Bacillus Calmette-Guerin Vaccine, BCG: (Major) Do not administer live virus vaccines to patients taking tofacitinib, as no data are available on the secondary transmission of infection by live vaccines. Also, no data are available on the response to vaccination with any vaccine during tofacitinib receipt. Before tofacitinib initiation, review the vaccination status of patients, and update immunizations in agreement with current immunization guidelines.
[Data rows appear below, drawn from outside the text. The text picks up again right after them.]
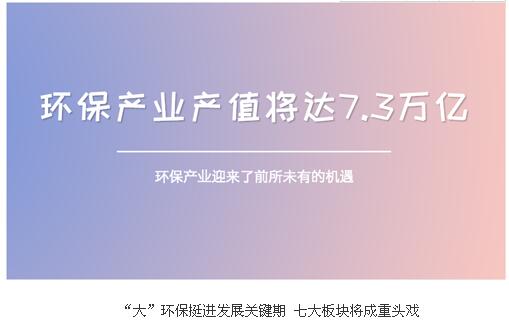 大”环保挺进发展关键期 七大板块将成重头戏 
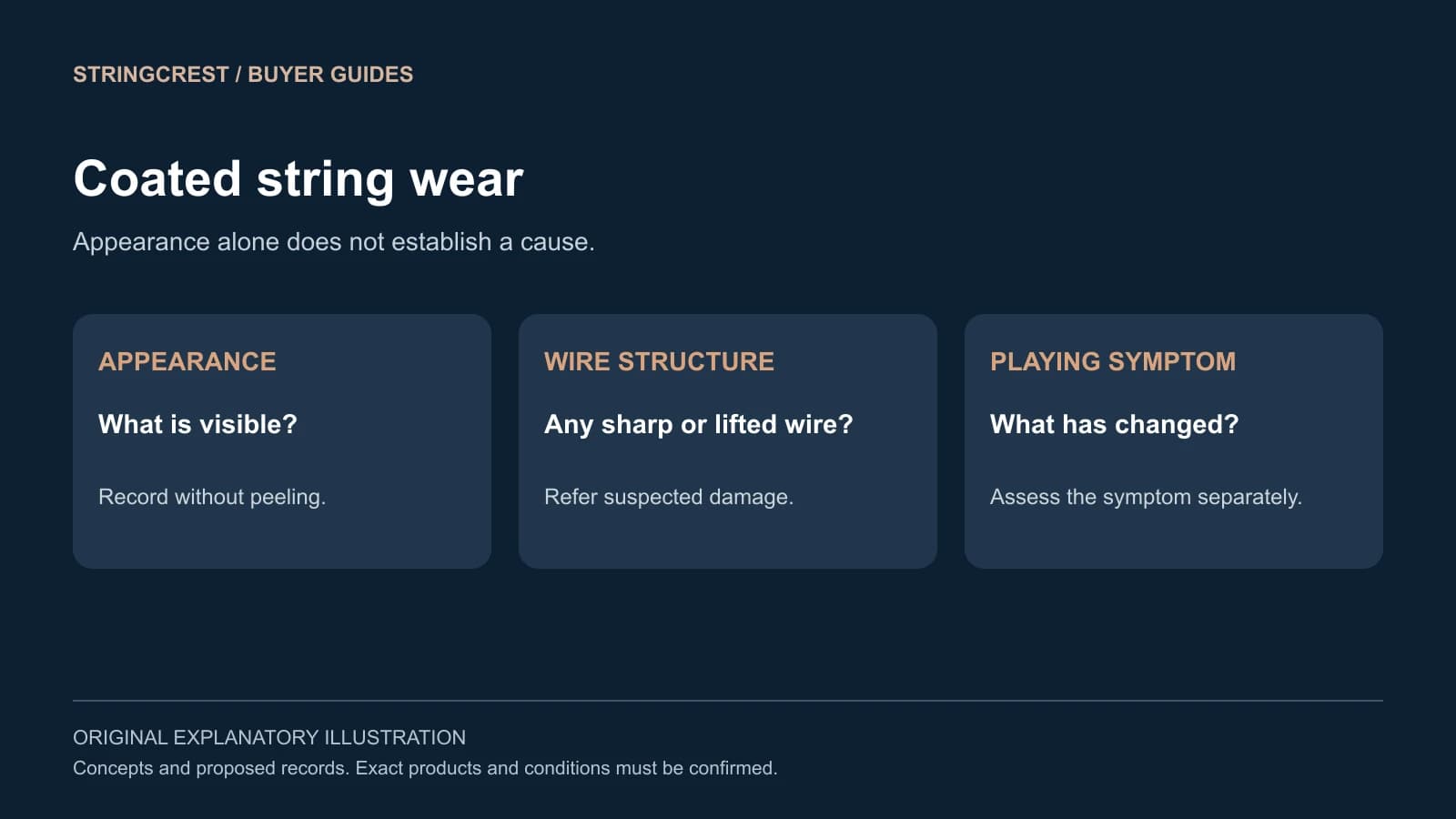 Coated-string assessment separates appearance, wire structure and playing symptoms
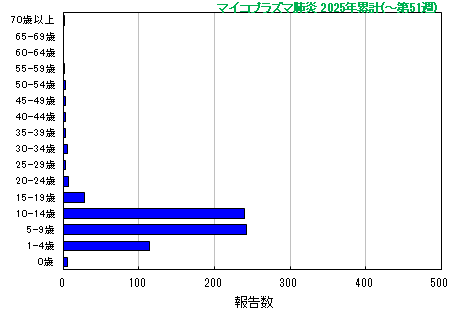 グラフ：マイコプラズマ肺炎 今年の累計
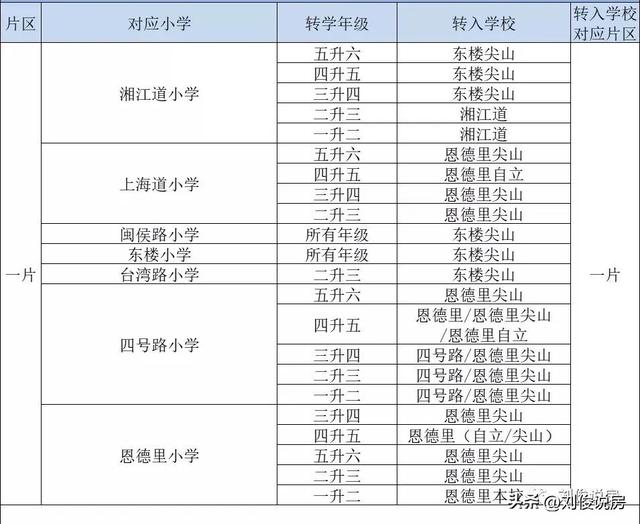 天津市河西区小学学区房的划分（2022年天津学区之河西区）(25)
Baricitinib: (Major) Concomitant use of baricitinib with tofacitinib is not recommended because of the duplication of the mechanism of action (both are Janus kinase inhibitors, also known as JAK inhibitors) and the possibility of increased immunosuppression and increased infection risk. Both drugs are known to cause elevations in hepatic enzymes and gastrointestinal perforation, and a possibility for increased thrombotic risk.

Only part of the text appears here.